== Entries shown ==

= = = = =

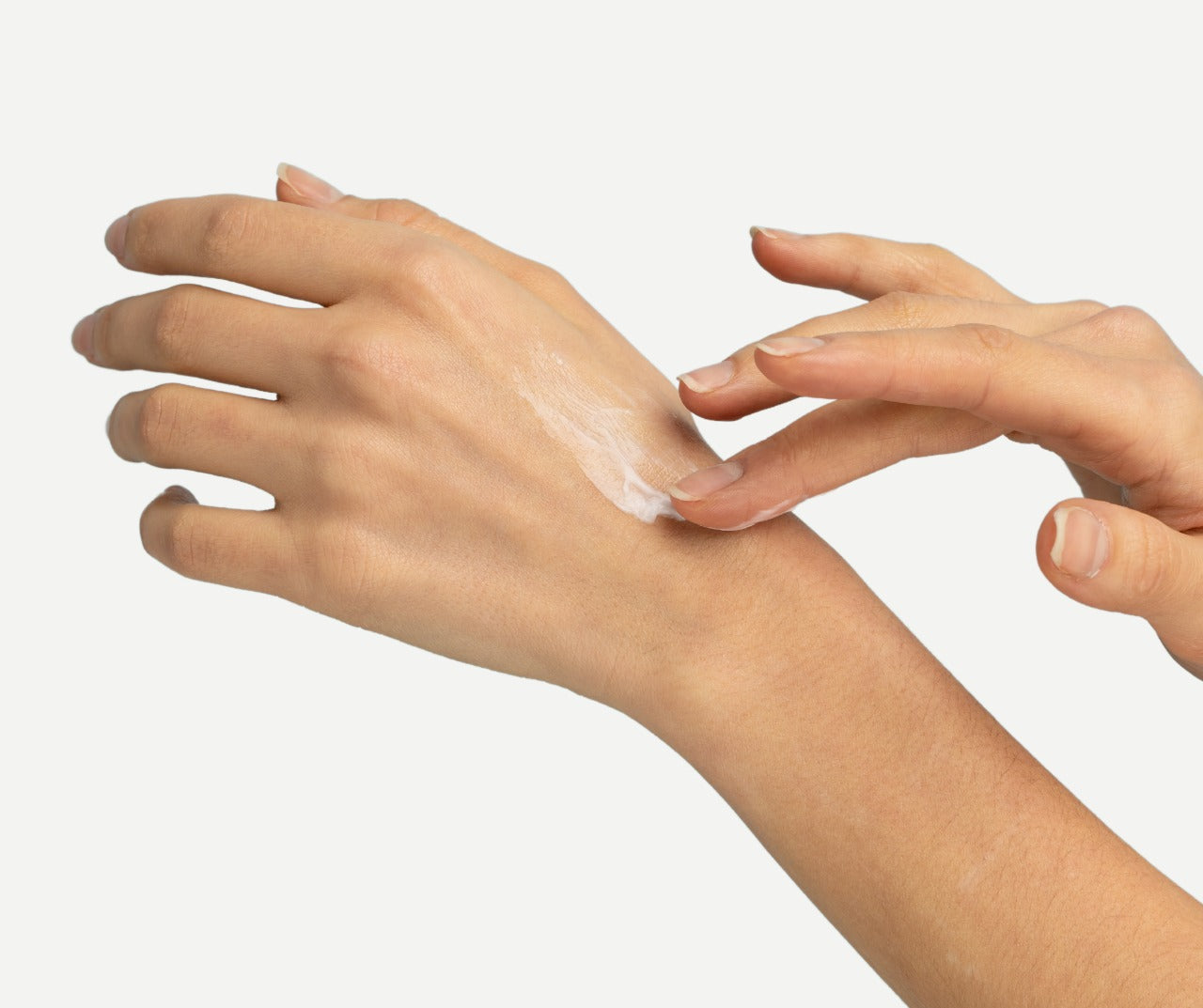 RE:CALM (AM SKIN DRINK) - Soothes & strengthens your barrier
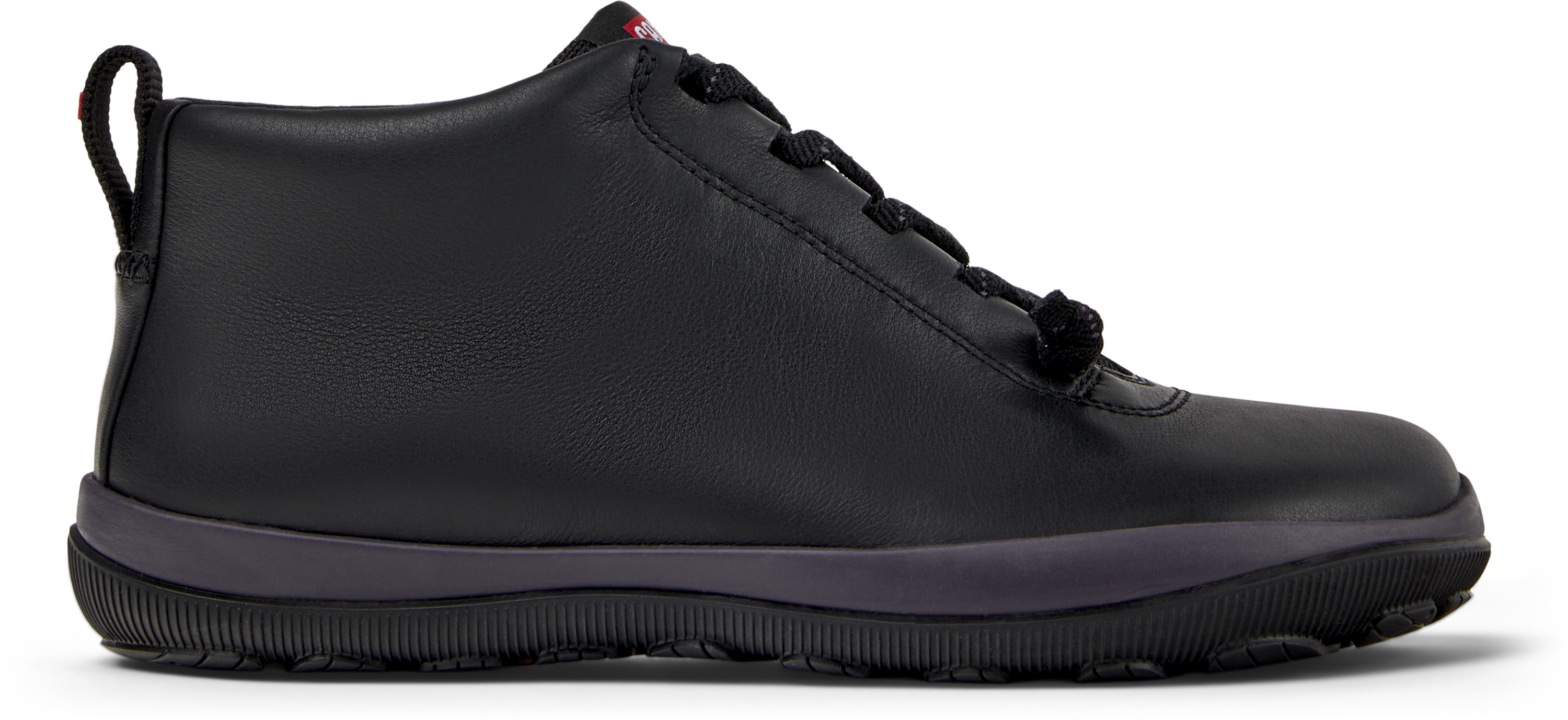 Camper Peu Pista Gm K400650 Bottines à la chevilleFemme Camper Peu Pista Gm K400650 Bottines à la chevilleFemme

= = = = =

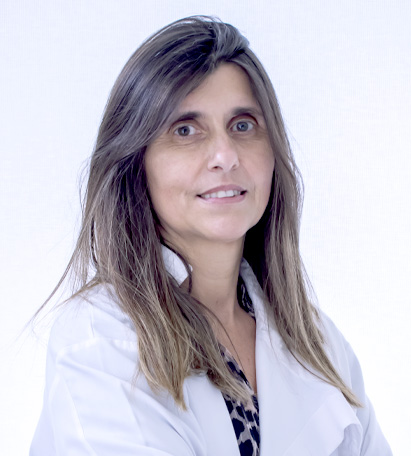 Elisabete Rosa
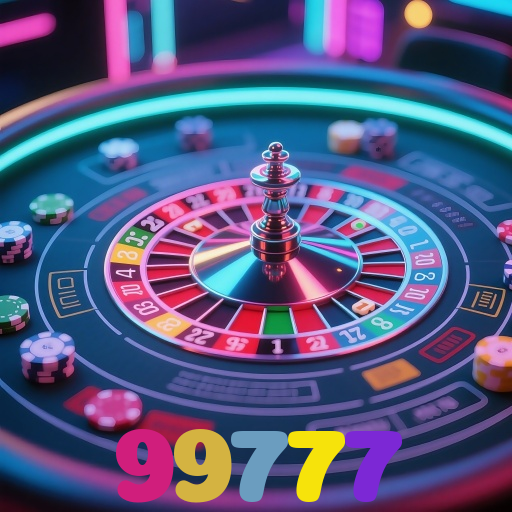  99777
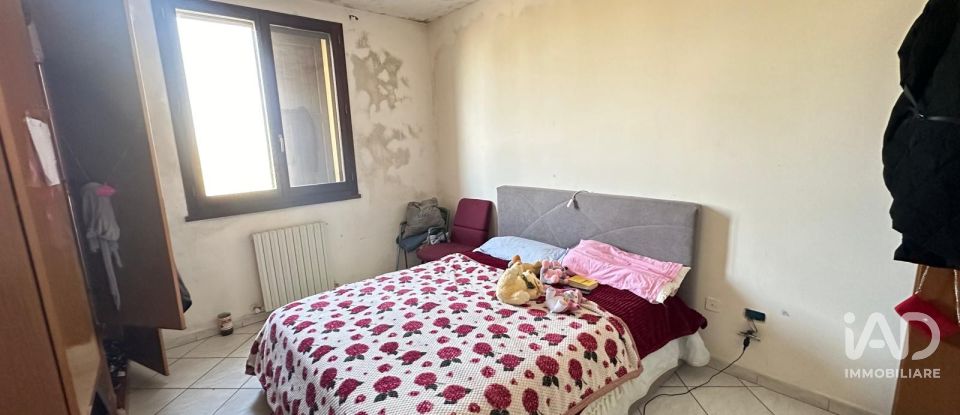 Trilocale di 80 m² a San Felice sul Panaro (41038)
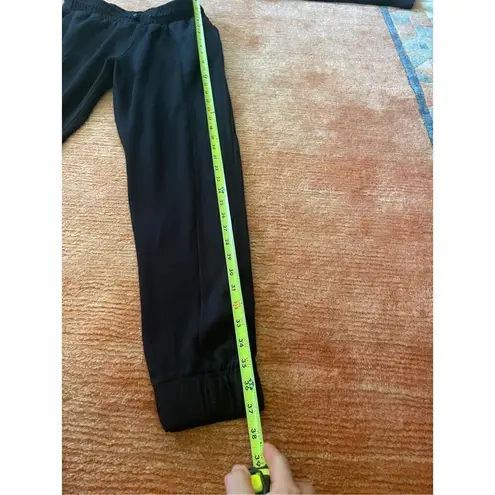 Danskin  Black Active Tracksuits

= = = = =

== About this exercise ==
No picture is to be printed. Output exactly the lines above from the line containing "RE:CALM (AM SKIN" through the line containing "Camper Peu Pista Gm K400650 Bottines à la chevilleFemme Camper".

== Reply ==
 RE:CALM (AM SKIN DRINK) - Soothes & strengthens your barrier
 Camper Peu Pista Gm K400650 Bottines à la chevilleFemme Camper Peu Pista Gm K400650 Bottines à la chevilleFemme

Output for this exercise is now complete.